Work item => In the material below, find the span from the line with "Quaker Instant Oatmeal, Peaches" to the line with "1.60 Blue Sapphire" and transcribe only those lines, exactly, ends included, without the pictures.

Data in this exercise =>
──────────
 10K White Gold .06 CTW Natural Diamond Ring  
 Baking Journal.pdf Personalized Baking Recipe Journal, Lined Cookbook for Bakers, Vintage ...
──────────
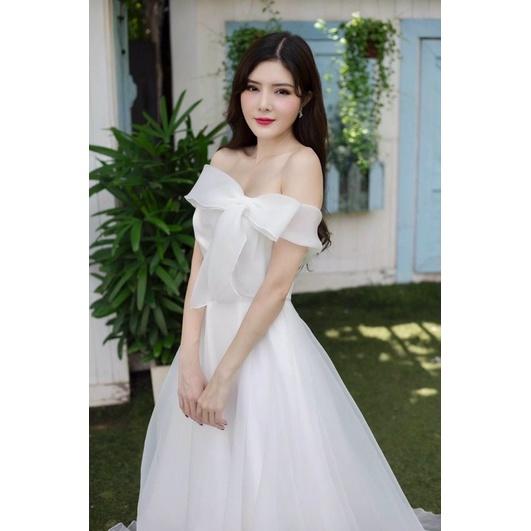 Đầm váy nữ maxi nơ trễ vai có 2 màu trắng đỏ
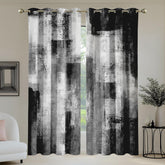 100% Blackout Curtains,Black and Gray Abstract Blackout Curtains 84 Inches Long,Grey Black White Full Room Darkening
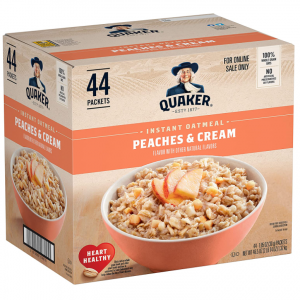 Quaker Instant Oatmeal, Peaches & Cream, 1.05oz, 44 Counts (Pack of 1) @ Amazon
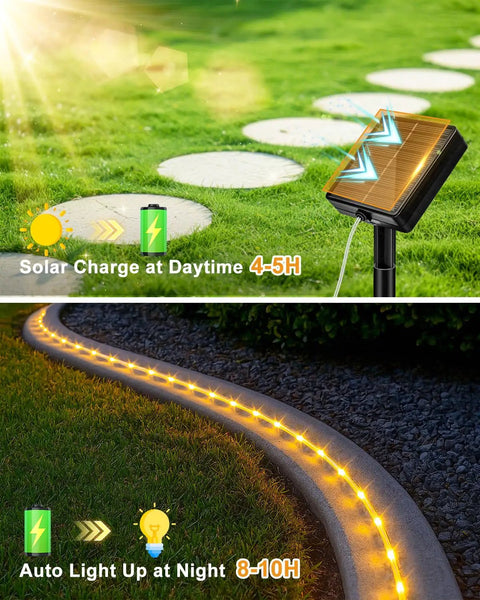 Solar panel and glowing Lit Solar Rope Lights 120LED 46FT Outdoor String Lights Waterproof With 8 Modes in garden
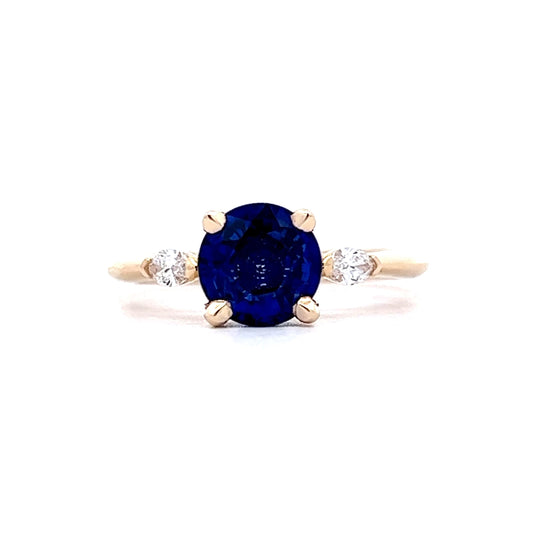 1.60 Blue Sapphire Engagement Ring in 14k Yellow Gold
──────────
Task output =>
 Quaker Instant Oatmeal, Peaches & Cream, 1.05oz, 44 Counts (Pack of 1) @ Amazon
 Solar panel and glowing Lit Solar Rope Lights 120LED 46FT Outdoor String Lights Waterproof With 8 Modes in garden
 1.60 Blue Sapphire Engagement Ring in 14k Yellow Gold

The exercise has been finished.